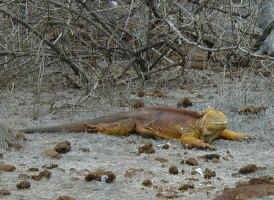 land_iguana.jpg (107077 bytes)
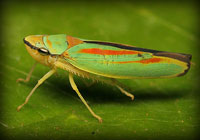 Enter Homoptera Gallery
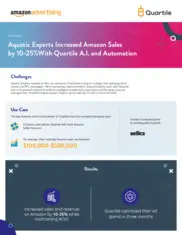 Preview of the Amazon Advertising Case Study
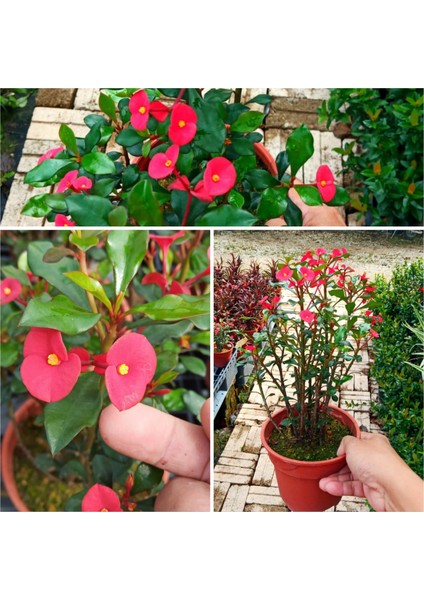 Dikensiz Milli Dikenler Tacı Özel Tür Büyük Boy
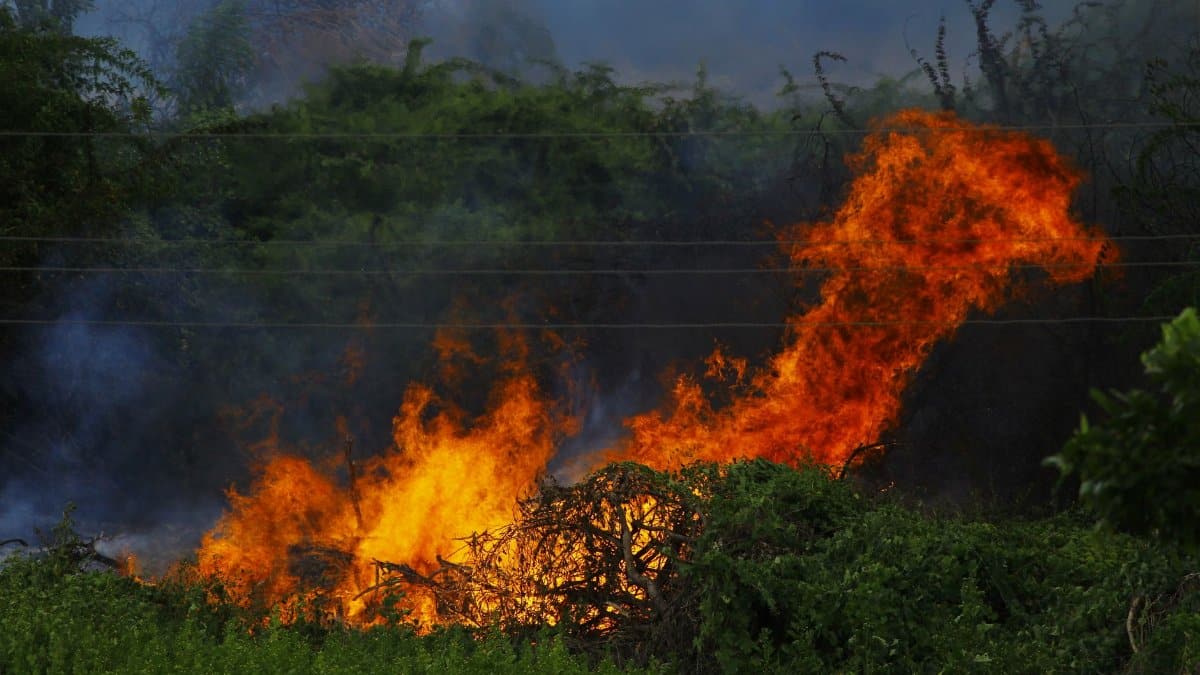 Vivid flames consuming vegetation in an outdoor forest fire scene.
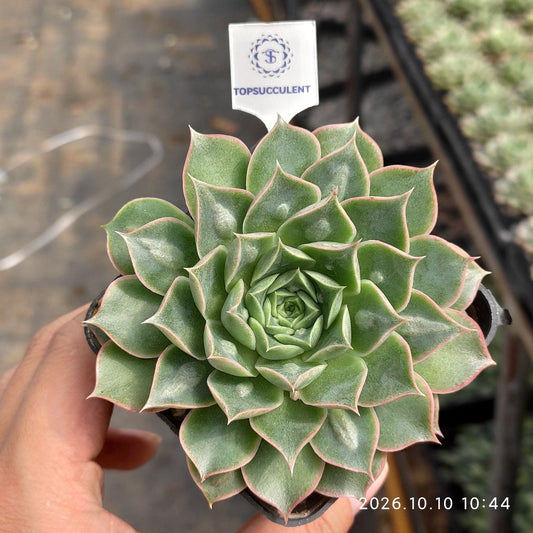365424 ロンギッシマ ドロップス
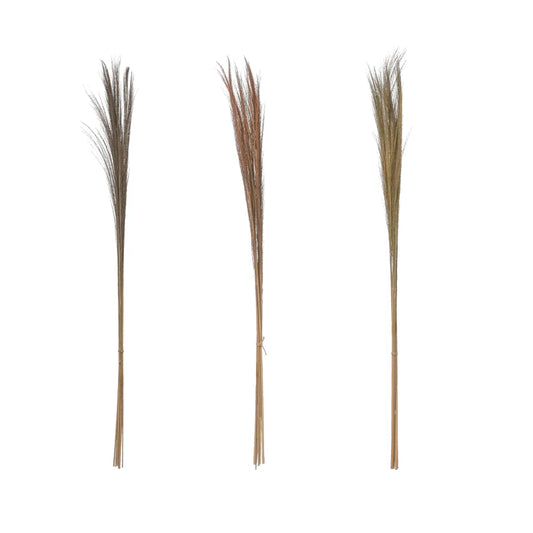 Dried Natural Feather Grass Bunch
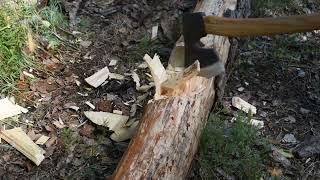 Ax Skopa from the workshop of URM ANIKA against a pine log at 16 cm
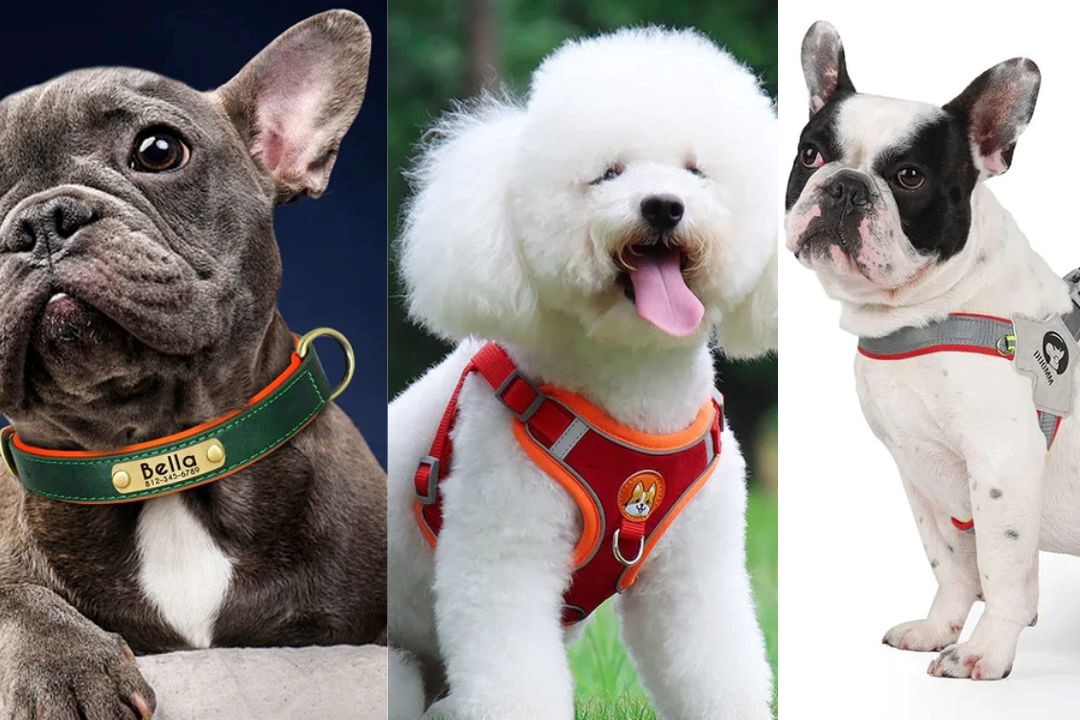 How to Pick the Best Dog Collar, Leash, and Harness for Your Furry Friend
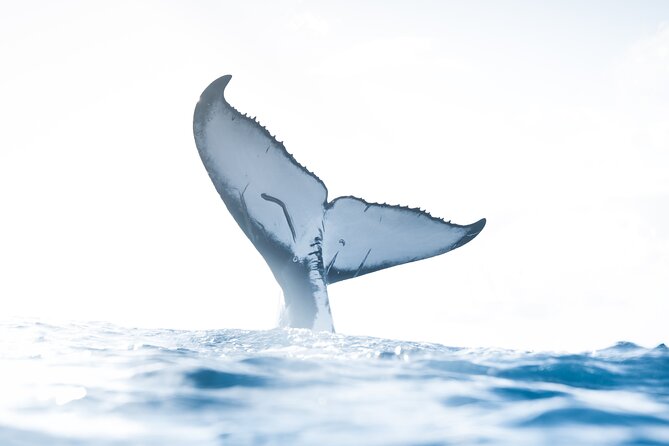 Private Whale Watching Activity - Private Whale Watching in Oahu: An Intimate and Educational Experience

━━━━━━━━━━

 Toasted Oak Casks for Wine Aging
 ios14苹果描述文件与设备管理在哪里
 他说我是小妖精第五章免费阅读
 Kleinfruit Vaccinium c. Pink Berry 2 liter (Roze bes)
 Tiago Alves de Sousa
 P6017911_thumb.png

━━━━━━━━━━

Reproduce the entries exactly, from the line with "land_iguana.jpg (107077 bytes)" to the line with "Dried Natural Feather Grass Bunch", both lines included, keeping no pictures.

 land_iguana.jpg (107077 bytes)
 Enter Homoptera Gallery
 Preview of the Amazon Advertising Case Study
 Dikensiz Milli Dikenler Tacı Özel Tür Büyük Boy
 Vivid flames consuming vegetation in an outdoor forest fire scene.
365424 ロンギッシマ ドロップス
 Dried Natural Feather Grass Bunch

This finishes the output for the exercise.